Josh has deftly segued from a life of being pre-med to film school to television production to writing about the media in general. And by 'deftly' he means with agonizing second thoughts and the formation of an ulcer.
  • Great article and food for thought. Lucas screwed up where other directors have done it well. I do not believe it is the changing that is the problem so much as the erasing.

    Lucas had said that he would never release the original again because he flet it was an unfinished movie. Fans yelled and screamed so he is releasing it now, but making us buy yet another copy of the horrible 2004 version. It would be my 4th. Lucas should be giving them to us now since we have bought the same damn movies so many times.

    Back to the point, a director can alter any film they release, but they should not replace the original with the new one. Think “Army of Darkness” for the example. It has been re-released probably more than Star Wars has, but Sam Rami never took the original off the market. He just added a Director’s Cut to be sold as well. Fans could get either one or both or either. Sam Rami is a fan as well as a film maker. Others should follow his example.

  • At what point is a movie no longer owned by the filmmaker and instead owned by society?


    Does that transition ever occur?


    Ford gets no say unless his contract says different.

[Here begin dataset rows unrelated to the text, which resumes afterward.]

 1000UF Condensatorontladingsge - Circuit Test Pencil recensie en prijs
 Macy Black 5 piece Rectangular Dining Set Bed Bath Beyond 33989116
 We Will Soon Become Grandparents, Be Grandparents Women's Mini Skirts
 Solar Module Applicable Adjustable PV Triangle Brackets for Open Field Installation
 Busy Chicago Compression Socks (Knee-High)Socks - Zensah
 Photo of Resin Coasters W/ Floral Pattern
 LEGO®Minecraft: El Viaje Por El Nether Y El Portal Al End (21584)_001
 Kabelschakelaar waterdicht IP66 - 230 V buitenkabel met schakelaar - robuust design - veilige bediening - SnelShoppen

    It sucks, but that’s show business. Buy the copy you want and settle for nothing less. If all the idiotic Star Wars would stop buying every single version, Lucas might stop tinkering. If people had stood up and not bought the latest versions, Lucas would have released the originals, but he’s such a whore I’m guessing he would have done that anyway because his fans are all-day suckers.

    Han does shoot first, but it’s no surprise that Lucas screwed that up and didn’t understand why. He is a horrible storyteller as evidenced by the latest SW trilogy as he ruined the whole mythology. He was obviously helped in his earlier work by uncerdited screenwriters who knew what they were doing, and is now surround by yes-men who are afraid to tell the emperor he is creatively naked.

  • Alden

    While the Lucas/Han Solo discussion is interesting, what about Ridley Scott’s Blade Runner? Over the course of the “director’s cuts” Scott has repeatedly added touches to emphasize his perspective that Rickard was a replicant, even though the screenwriter has said didn’t write the story with that intent and Harrison Ford has gone on record claiming that Scott had agreed to abandon that notion during filming. These changes affect the entire film, not just one character.

    According to this Wikipedia entry about the film, Scott’s most recent version of the film (including footage shot in 2001) will be released next year as a “final cut.” It will undoubtedly be yet another version of the story, and will probably contain additional scenes to emphasize Scott’s perspective on the story. But Scott would argue that much of what he is doing is an effort to restore the film to his original vision – and his argument would be that since now he can “get it right,” why shouldn’t he?

    To recast your question: at which point does the audience have the right to dictate to the creator how to tell his story? Is the public somehow “entitled” to control the storytelling process, or to hold the creator to one version? The answer, of course, is that they can whine and moan, but the creator is entitled to release his story as he wishes, and the audience is left with the choice of taking it, leaving it, or making their own movie.

  • The public should never own the movies, or television for that matter. Look at what happened to Doctor Who during it’s original run. The last producer to take control was reportedly sucking in every word the fans said.

    Thou I am somewhat half a fan of his run (the sly mccoy years), it’s easy to see he let the show be run by the fans.

  • Fans always think they have rights over creators. The fans of the dirty Sistine Chapel didn’t want it cleaned up, even though the world would finally be able to see Michelangelo’s masterpiece as it looked when first finished. Sherlock Holmes’ fans insisted Conan Doyle bring him back from the grave. Studio execs routinely slice and dice films both great and small. Nonetheless, none of these people put in the sweat equity to claim the work as their own. The creator owns the work and can do whatever whenever.

  • TV & FG

    It’s not a question (in my mind) of if the fans should be allowed to dictate what gets put into a film or TV show. It’s a question of whether or not once the show or film is made and absorbed by the public conciousness if the creator should re-edit it.

    Of course they are allowed to, there’s nothing to stop them from doing so, it’s really a question of whether or not they should.

  • “even though the screenwriter has said didn’t write the story with that intent”

    That’s foolish on his part since he adapted the novel where that was the case.

    “and Harrison Ford has gone on record claiming that Scott had agreed to abandon that notion during filming.”

    Sounds like smart directing. Since Deckard is unaware he’s a replicant, it makes sense to have the actor unaware as well.

  • Stephen Daugherty

    The question is how we deal with long-term creative works, especially thoses that straddle a technological divide like those mentioned. I agree with archiving the originals, making them available. At the same time, I can understand Lucas’s chagrin with being asked to bring out the originals. To him, it must be like showing people your pimped out caddy and then having folks want to see the old busted Chevy in the back. But I can understand the sentiments there, too.

    The real answer is nobody strictly owns a story. The fans should understand when an artist in the midst of creating an ongoing series makes modifications for the sake of continuity and to fit with newer entries. The artist should understand that some parts of the story remain iconic, and should be treated carefully.

  • I hereby apologize, Episode IV of this release does not contain “Episode IV – A New Hope” in the scroll at the top of the film. Interesting.